Appellante bestrijdt niet dat de eigen bijdrage over de jaren 2016 en 2017 is berekend en herzien, overeenkomstig hetgeen daarover is bepaald in het Besluit langdurige zorg. Volgens appellante had er geen eigen bijdrage opgelegd mogen worden, omdat zij geen goede zorg ontvangt van de zorginstelling. Zij valt onder de uitzonderingssituatie, zoals genoemd in de uitspraak van de Raad van 11 maart 2009, ECLI:NL:CRVB:2009:BH7712.
5.5.
Zoals de Raad al eerder heeft overwogen in haar uitspraak van 3 januari 2018, ECLI:NL:CRVB:2018:100, lijdt de dwingendrechtelijk voorgeschreven verplichting tot het betalen van de eigen bijdrage alleen uitzondering indien de verleende zorg zich niet kan kwalificeren als zorg waarop de verzekerde overeenkomstig het bepaalde bij en krachtens de Wet langdurige zorg recht heeft.

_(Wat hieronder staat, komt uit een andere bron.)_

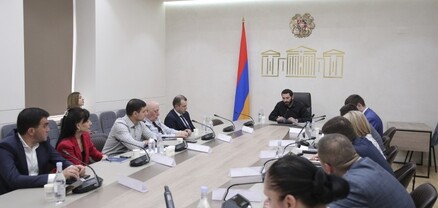 «Հանքարդյունաբերական ոլորտը և նորակառույց ճանապարհները» թեմայով աշխատանքային քննարկում՝ խորհրդարանում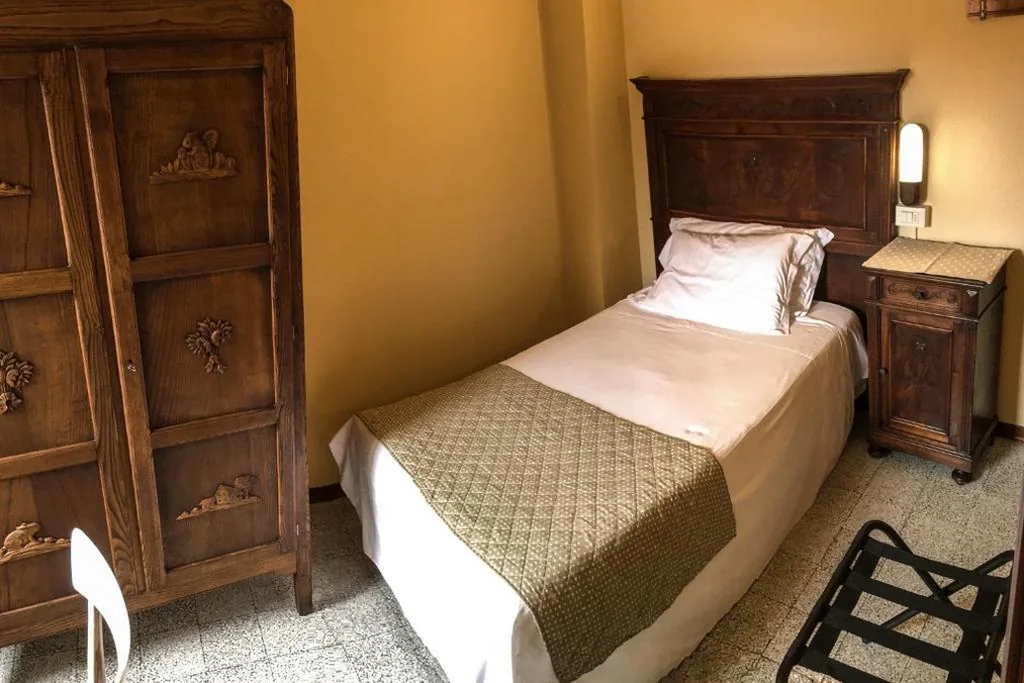 Camera Singola — Albergo La Pace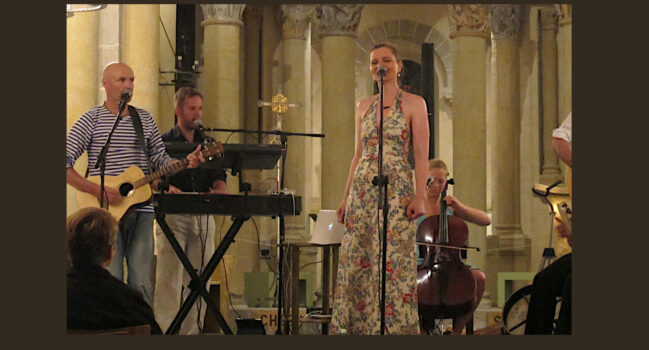 Mercredi 5 août concert Mishapedpearls
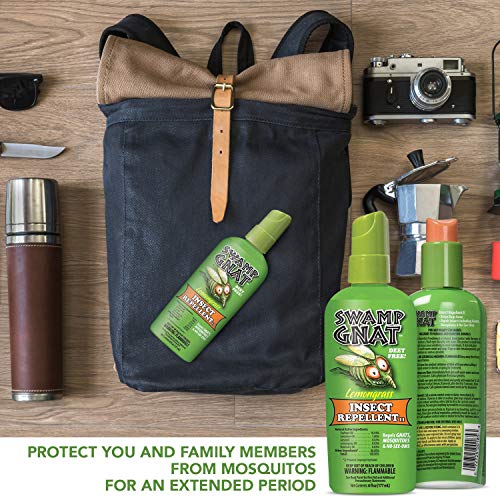 Harris Swamp Gnat Deet-Free Mosquito & Insect Repellent, 6oz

Appellante heeft niet met deugdelijke en verifieerbare gegevens onderbouwd dat van een dergelijke uitzonderingssituatie sprake is. Haar beroepsgrond slaagt niet.
5.6.
Uit het voorgaande volgt dat het beroep tegen de bestreden besluiten van 4 en 6 ongegrond is.
6. Van voor vergoeding in aanmerking komende proceskosten is niet gebleken.

BESLISSING

De Centrale Raad van Beroep
- vernietigt de aangevallen uitspraak;
- verklaart de beroepen tegen de bestreden besluiten 1, 2 en 3 gegrond en vernietigt deze besluiten;
- verklaart het beroep tegen het bestreden besluit 5 niet-ontvankelijk;
- verklaart het beroep tegen de bestreden besluiten 4 en 6 ongegrond;
- bepaalt dat CAK aan appellante het in beroep en in hoger beroep betaalde griffierecht van in totaal € 218,- vergoedt.
Deze uitspraak is gedaan door N.R. Docter, in tegenwoordigheid van D.S. Barthel als griffier. De beslissing is uitgesproken in het openbaar op 25 maart 2020.